(Supplied records Opens)

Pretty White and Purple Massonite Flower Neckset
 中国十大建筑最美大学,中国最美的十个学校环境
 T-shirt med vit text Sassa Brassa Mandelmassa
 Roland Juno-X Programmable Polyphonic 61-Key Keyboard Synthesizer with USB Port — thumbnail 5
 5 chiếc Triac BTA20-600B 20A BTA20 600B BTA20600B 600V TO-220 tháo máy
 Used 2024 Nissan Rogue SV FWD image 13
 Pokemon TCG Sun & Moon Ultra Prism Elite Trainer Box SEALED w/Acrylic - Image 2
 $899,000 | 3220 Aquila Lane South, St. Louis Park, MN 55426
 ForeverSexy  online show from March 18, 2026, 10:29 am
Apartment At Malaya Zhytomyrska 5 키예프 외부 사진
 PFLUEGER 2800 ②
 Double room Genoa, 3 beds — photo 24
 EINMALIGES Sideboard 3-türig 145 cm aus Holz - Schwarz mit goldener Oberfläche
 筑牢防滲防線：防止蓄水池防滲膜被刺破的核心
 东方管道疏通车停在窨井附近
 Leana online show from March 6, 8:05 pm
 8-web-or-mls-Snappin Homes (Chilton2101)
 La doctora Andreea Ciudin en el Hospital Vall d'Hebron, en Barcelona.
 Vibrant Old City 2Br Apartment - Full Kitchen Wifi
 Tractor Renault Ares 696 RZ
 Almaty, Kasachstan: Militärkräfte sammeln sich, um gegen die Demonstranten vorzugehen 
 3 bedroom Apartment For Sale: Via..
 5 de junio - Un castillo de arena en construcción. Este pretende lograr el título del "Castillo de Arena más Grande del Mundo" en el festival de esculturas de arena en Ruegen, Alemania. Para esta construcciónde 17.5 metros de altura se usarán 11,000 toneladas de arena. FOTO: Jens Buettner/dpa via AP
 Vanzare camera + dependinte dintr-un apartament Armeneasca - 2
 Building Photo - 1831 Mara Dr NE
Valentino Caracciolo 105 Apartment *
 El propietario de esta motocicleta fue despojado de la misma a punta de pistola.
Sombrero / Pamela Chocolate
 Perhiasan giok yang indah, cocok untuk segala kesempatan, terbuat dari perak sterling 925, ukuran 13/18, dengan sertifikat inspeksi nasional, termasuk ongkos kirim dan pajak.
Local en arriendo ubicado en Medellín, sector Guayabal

(Supplied records Closes)

Begin at the line that has "Tractor Renault Ares 696 RZ" in the entries above; stop after the line that has "5 de junio - Un". Transcribe exactly those lines and no others.

* Exercise result *
 Tractor Renault Ares 696 RZ
 Almaty, Kasachstan: Militärkräfte sammeln sich, um gegen die Demonstranten vorzugehen 
 3 bedroom Apartment For Sale: Via..
 5 de junio - Un castillo de arena en construcción. Este pretende lograr el título del "Castillo de Arena más Grande del Mundo" en el festival de esculturas de arena en Ruegen, Alemania. Para esta construcciónde 17.5 metros de altura se usarán 11,000 toneladas de arena. FOTO: Jens Buettner/dpa via AP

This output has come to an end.